I agree with the part of describing the functional requirements from the developers with oversight by the government agencies later. However I have found that evaluation labs generally have a much better view on the evaluation process side: what kind of requirements are easy and what are hard to show for developers, what requirements are unclear and cause discussions with certifiers and what not. The certifiers in turn need to be involved both because of their dual role as accreditors in the government and because of them feeling part of this consensus.

So I agree that industry probably is best equipped to get these technical communities started and keep them running, however this should not go at the cost of building a community and generating consensus. Tony Boswell formulated this much more political than I do (and probably misremember now): we seem to be missing an opportunity if we focus only on the voting and governance structures of such communities, at the cost of losing sight of the energy and enjoyment (as well as risk- and cost-reduction) coming from working together as passionate security experts here.

Unfortunately missed

I unfortunately missed Peter van Swieten's talk (not on the CD, copy is here) on the definition of TSFI used within the Dutch Scheme. This definition, chosen out of all the different definitions in the CC, of TSFI cuts down on the amount of low-added-value paperwork in the evaluation. As I understood this presentation was well received and I got a few requests for this document.

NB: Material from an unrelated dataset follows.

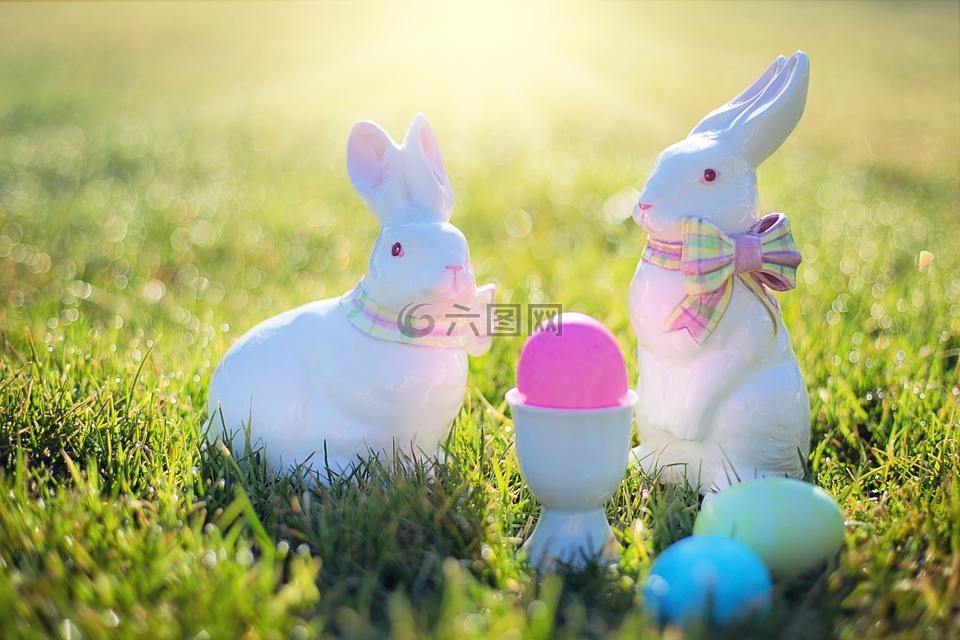 复活节,复活节兔子,兔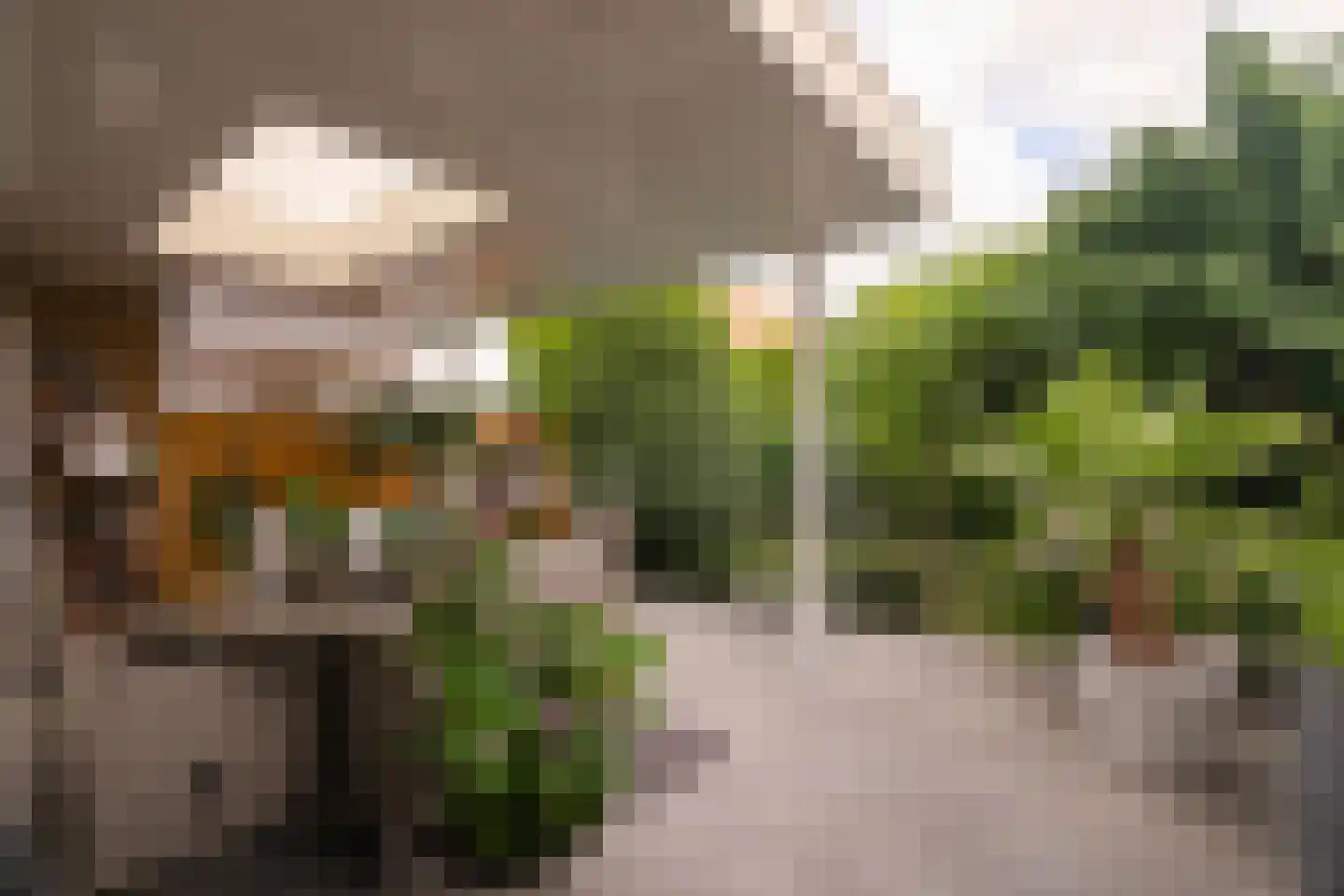 Hoogstraat 79 Landgraaf thumbnail 22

Although it is a stable document, unfortunately at the moment it is formally an unissued draft.

Conclusion and future

The big ticket item of the CCRA MRA policy shift now doesn't really feel that threatening, assuming that the communication around this discussion is done with some consideration to the image of the CC outside our community. For the rest we seem to be mostly busy with applying the CC in the various technology areas, creating communities around these technology areas, and just getting things evaluated. I like this feel of maturity and productivity, even if it seems a bit dull not to talk about new gizmos in the standard such as ADV_ARC.

The next ICCC

The next ICCC will be in September in the United States, in the "capital city area" i.e. in or near to Washington, Baltimore and Philadelphia. Announcements will be made via the portal's ICCC tab.

Gala dinner and certificate issuance

This year the gala dinner was less formal, with stands to eat and events to do all through the evening. I liked how that allowed for mingling in different groups and chat with many people. I do hope this trend is continued into the future ICCCs.

The certificate issuing was done per country this year, making this process quicker and frankly less boring for the people who did not get certificates, possibly at the cost of making it less weighty for the people who did get certificates (especially those getting their first or an otherwise hard-won certificate). I haven't heard of someone getting a certificate feeling left out though.

Thank you

I enjoyed talking to everyone between the talks, after and deep into the night immensely. Thank you all for the wonderful time!